• EXTRACTED ENTRIES
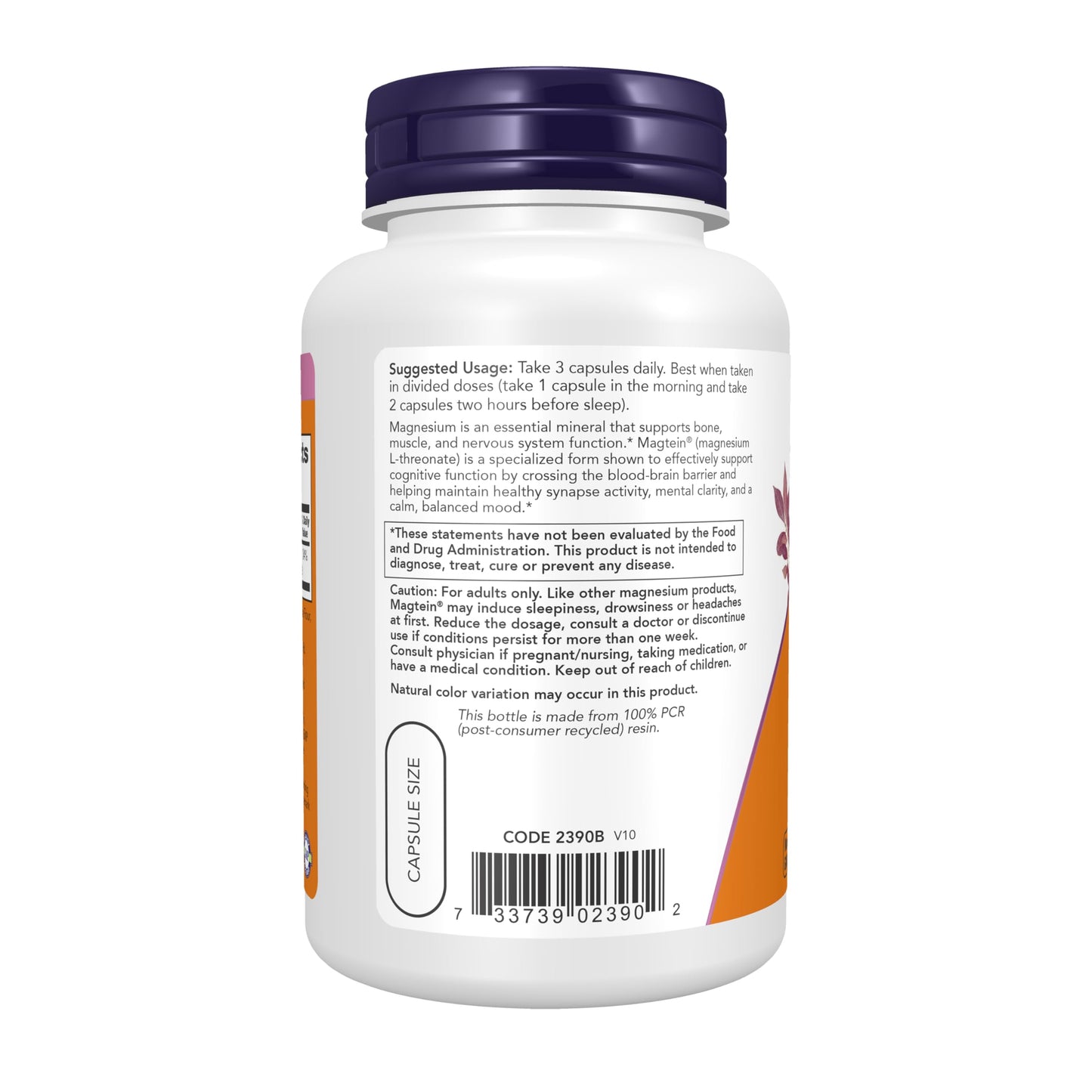 NOW Foods Magtein™ with patented form of Magnesium (Mg), Cognitive Support Capsules, 90 Count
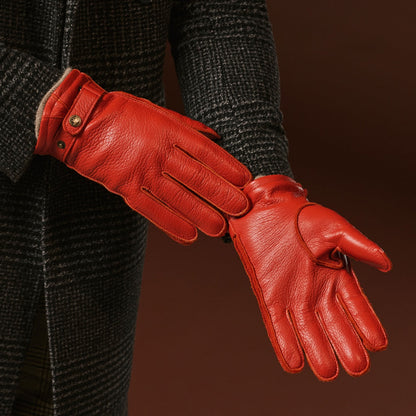 Emilio (orange) – Luxurious Italian deerskin gloves with cashmere lining and adjustable snap button — photo 7 of 10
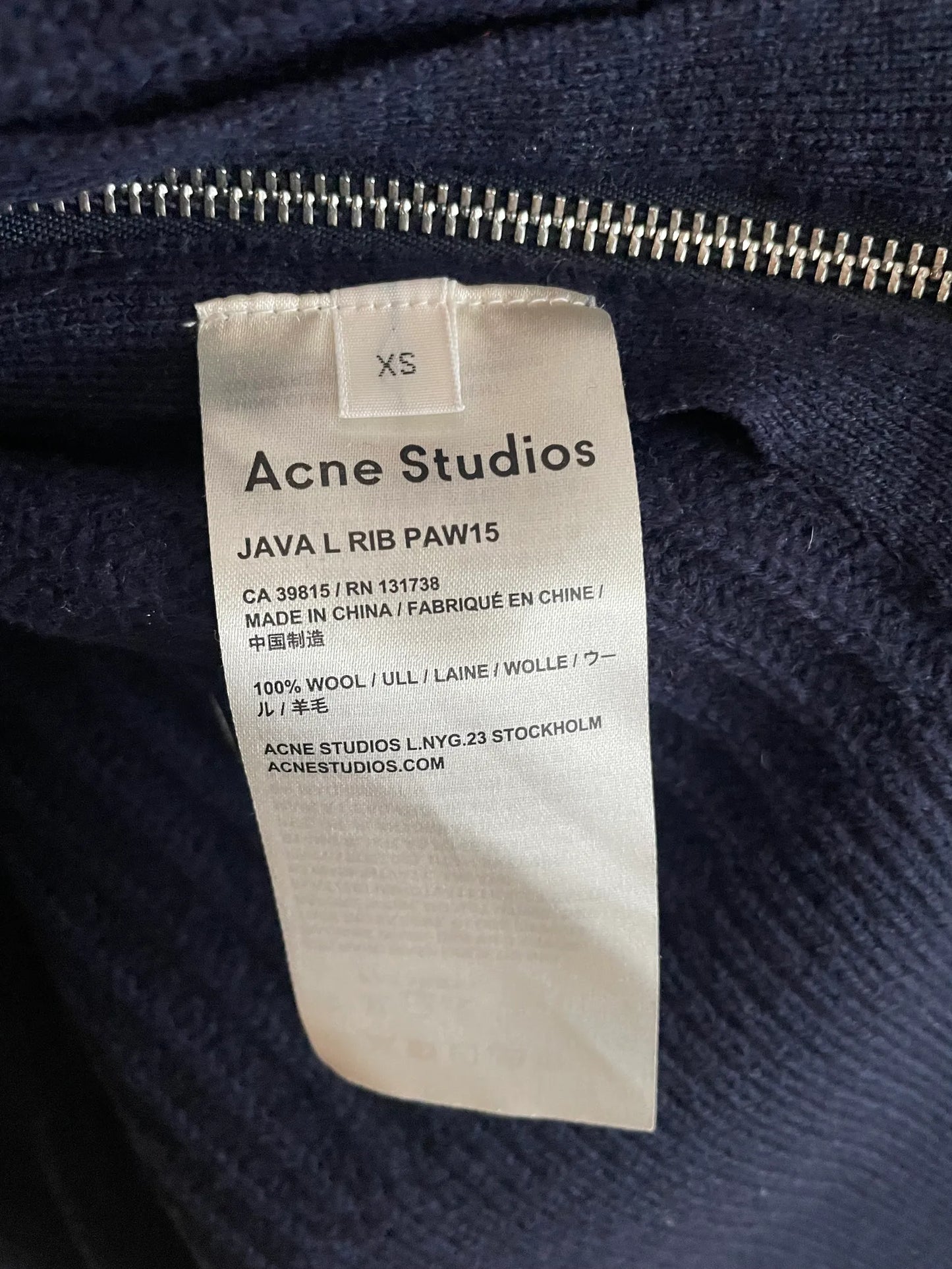 Acne Studios Java L Rib Pullover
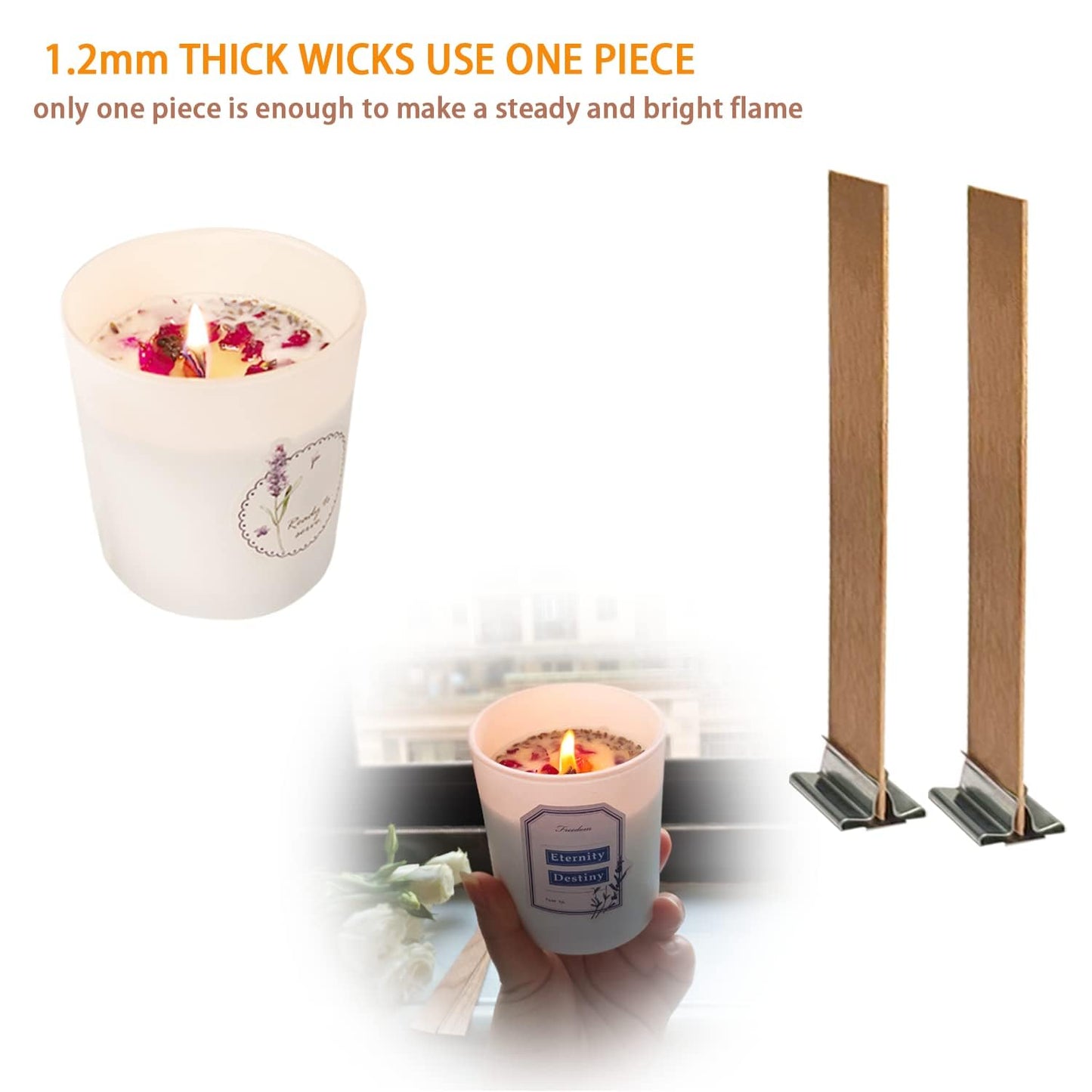 5.1in x 0.76in Wooden Wicks for Candle Making Wide Natural Candle Wood Wicks Candle Cores for DIY Candle Making Craft Wooden Wicks for Candle Making (30 Sets Stickers Included)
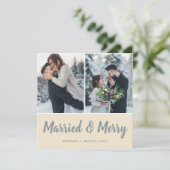 Cream Brush Married & Merry Photo | Vierkant Feestdagenkaart (Staand voorkant)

• WHAT IS BEING ASKED
Copy exactly the lines from the line that contains "Acne Studios Java L Rib Pullover" through the last line of the records above, both ends included, but leave out the pictures.

• SOLUTION TO THIS TASK
 Acne Studios Java L Rib Pullover
 5.1in x 0.76in Wooden Wicks for Candle Making Wide Natural Candle Wood Wicks Candle Cores for DIY Candle Making Craft Wooden Wicks for Candle Making (30 Sets Stickers Included)
 Cream Brush Married & Merry Photo | Vierkant Feestdagenkaart (Staand voorkant)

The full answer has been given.